#### Work instruction
Your copy should match the records below exactly, except for the pictures.

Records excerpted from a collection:
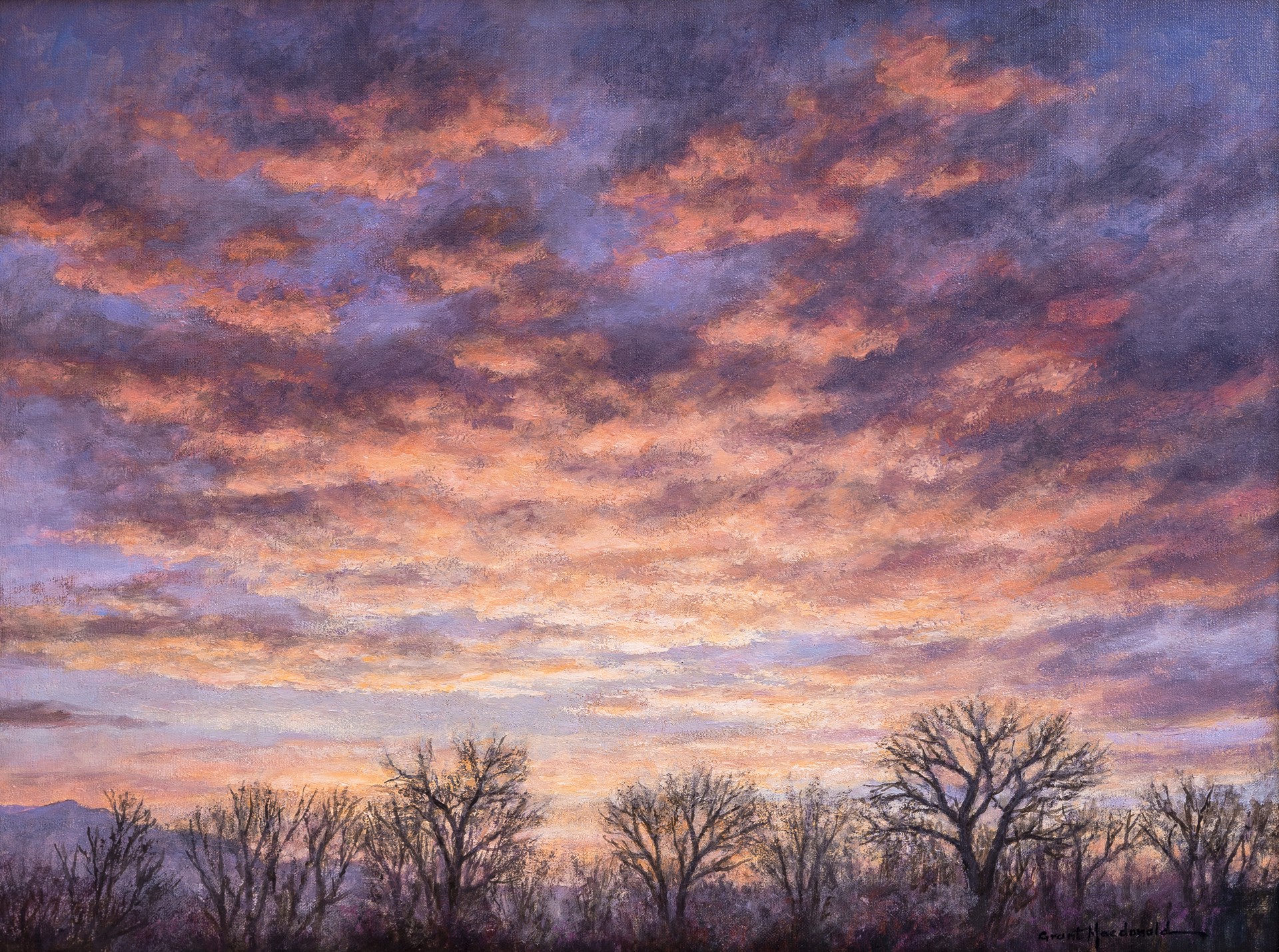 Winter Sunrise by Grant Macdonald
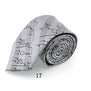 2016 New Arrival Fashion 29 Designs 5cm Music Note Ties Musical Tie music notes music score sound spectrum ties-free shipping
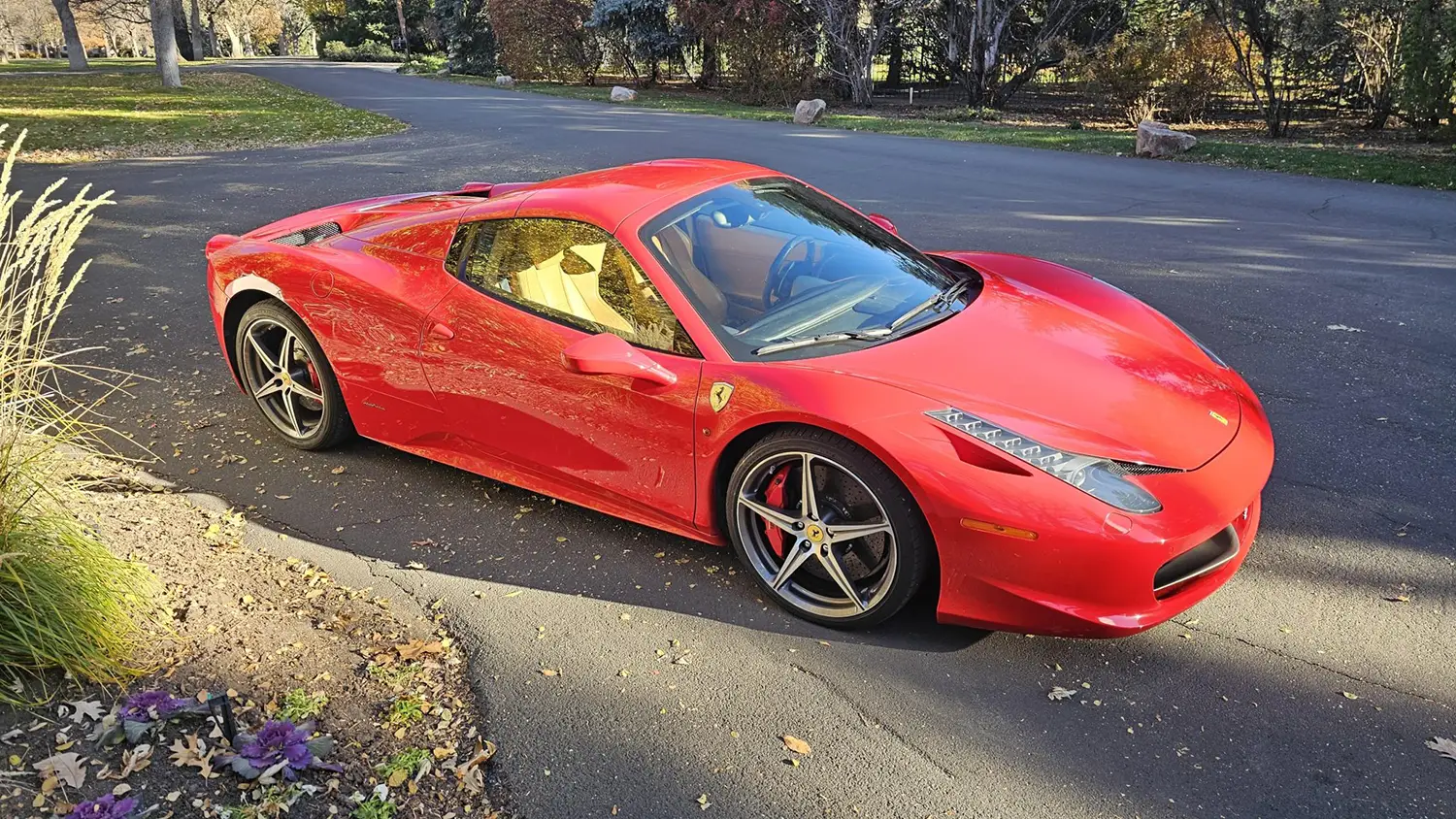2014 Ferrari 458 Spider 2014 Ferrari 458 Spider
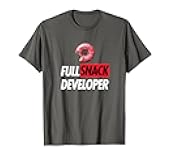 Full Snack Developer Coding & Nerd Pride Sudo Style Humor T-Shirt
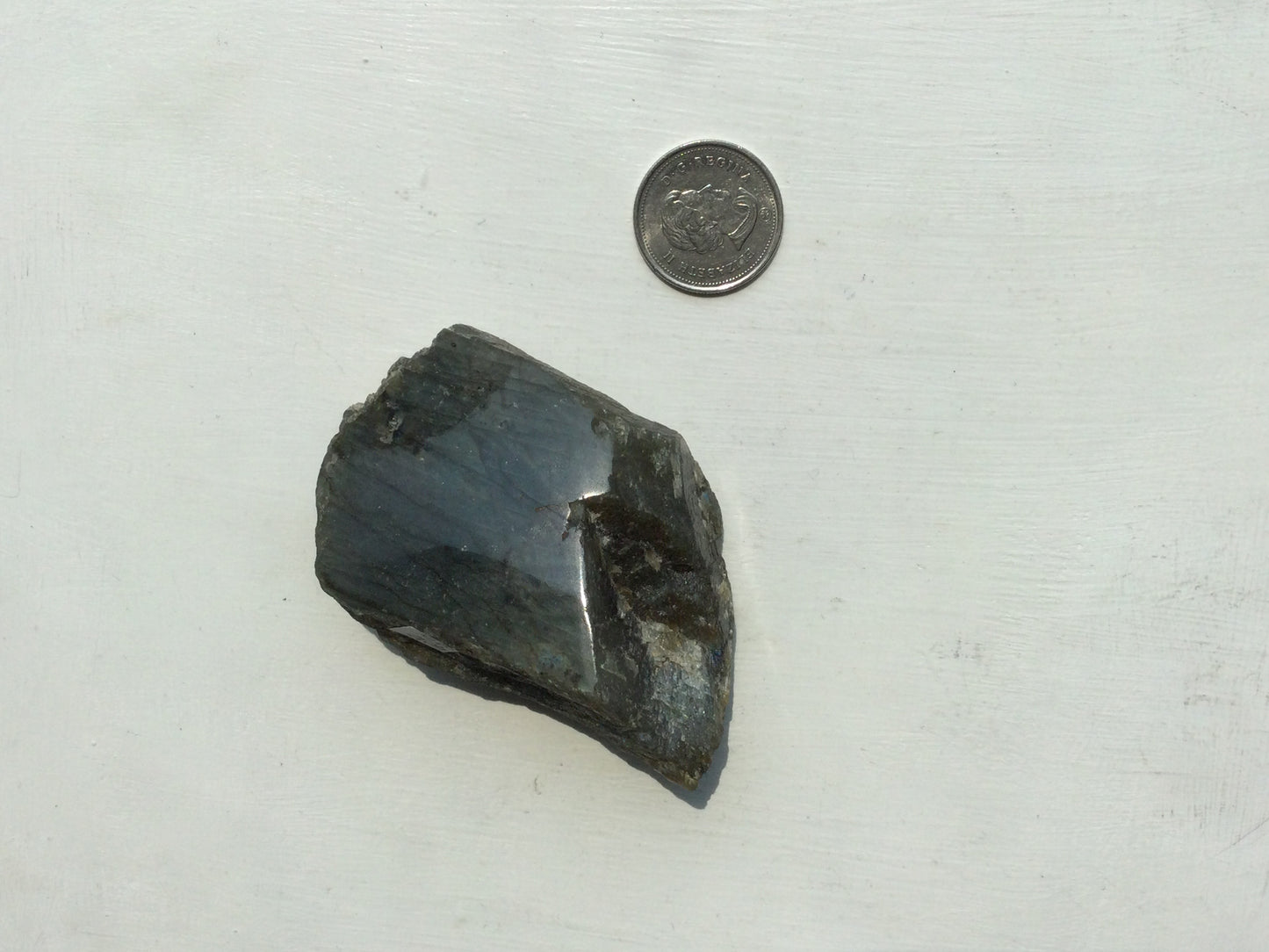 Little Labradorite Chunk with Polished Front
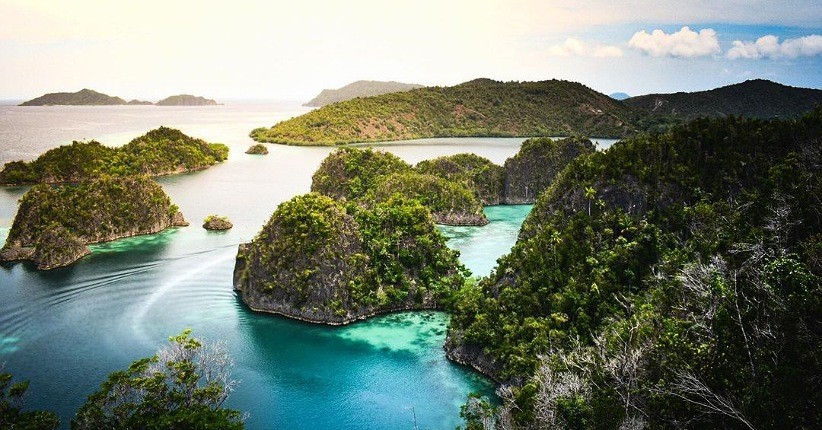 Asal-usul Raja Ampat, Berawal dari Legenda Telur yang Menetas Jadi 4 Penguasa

#### Task response
 Winter Sunrise by Grant Macdonald
 2016 New Arrival Fashion 29 Designs 5cm Music Note Ties Musical Tie music notes music score sound spectrum ties-free shipping
2014 Ferrari 458 Spider 2014 Ferrari 458 Spider
 Full Snack Developer Coding & Nerd Pride Sudo Style Humor T-Shirt
 Little Labradorite Chunk with Polished Front
 Asal-usul Raja Ampat, Berawal dari Legenda Telur yang Menetas Jadi 4 Penguasa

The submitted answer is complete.